Miles had no immediate answer.
“You know what app we should have invented?” he said finally. “One where I can go back in time and never go to that goddamn clinic.”
“Look,” Dorian said, putting her hand on his, “you can’t change the past. You have to deal with the here and now. Get this other shit out of your system. Jumping out of planes, drinking too much. Then figure out what you want to do. Figure out what you’re capable of doing. The resources that you have.”
“What I have,” Miles said, “is money.”
Dorian said, “I’m... aware.”
“I’ll never be able to spend it all,” he said.
“Yeah,” Dorian said, smiling. “We should all have such problems.”
He had a will. He wasn’t an idiot. His legal advisers insisted that someone with a successful tech company and a sizable personal portfolio had to plan for the unexpected. Even before his diagnosis he was willing to concede that one day he might step in front of a bus while looking at his phone. He’d chosen a few charities and foundations to leave his money to. Now, he’d probably want to rethink that, maybe leave a big chunk of his estate to Huntington’s research.
But his current will left nothing of significance to any one individual.

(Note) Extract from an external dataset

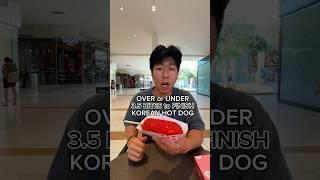 over or under 3.5 bites korean hot dog #shortsfeed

There was no spouse. There’d been a couple of girlfriends at UConn, a couple of romances right after college, and he’d had a few meaningless flings in the past decade. But if Miles was honest with himself, he’d only ever had one real love: computers. There’d been some women who might have been happy to share a life with him despite all that, but he’d seen, firsthand, what a marriage could descend into. The only thing that had kept his parents together, at least until they’d driven into that bridge abutment, was their mutual hatred for each other. It was a kind of sick, twisted energy that kept them both alive. Miles had always wondered if his father had driven deliberately into the abutment, or if his mother had reached over and grabbed the wheel to make it happen.
How could you endure an upbringing like that and want it for yourself? Not Miles. His brother, Gilbert, had believed he could beat the odds, but the woman he’d found and committed himself to — the one Miles thought of as Cruella but whose actual name was Caroline — had as many issues as their mother, if not more. She was a controlling, narcissistic woman. She could put on a smile when she needed to, charm you from here to Cleveland, but the moment your back was turned, watch out.
And from everything Miles could tell, Gilbert’s daughter, Samantha, had come under the mother’s spell, or at least been cowed by her mood swings. Go along to get along, as they say. Maybe Gilbert put up with the daily tension and anxiety because he didn’t know it could be any other way. When you grew up in a dysfunctional family, you assumed all families were that way. You could walk out on the one you had and trade it for one that was even more fucked up. Miles guessed that was how Gilbert saw the world. As bad as it was, it could be worse.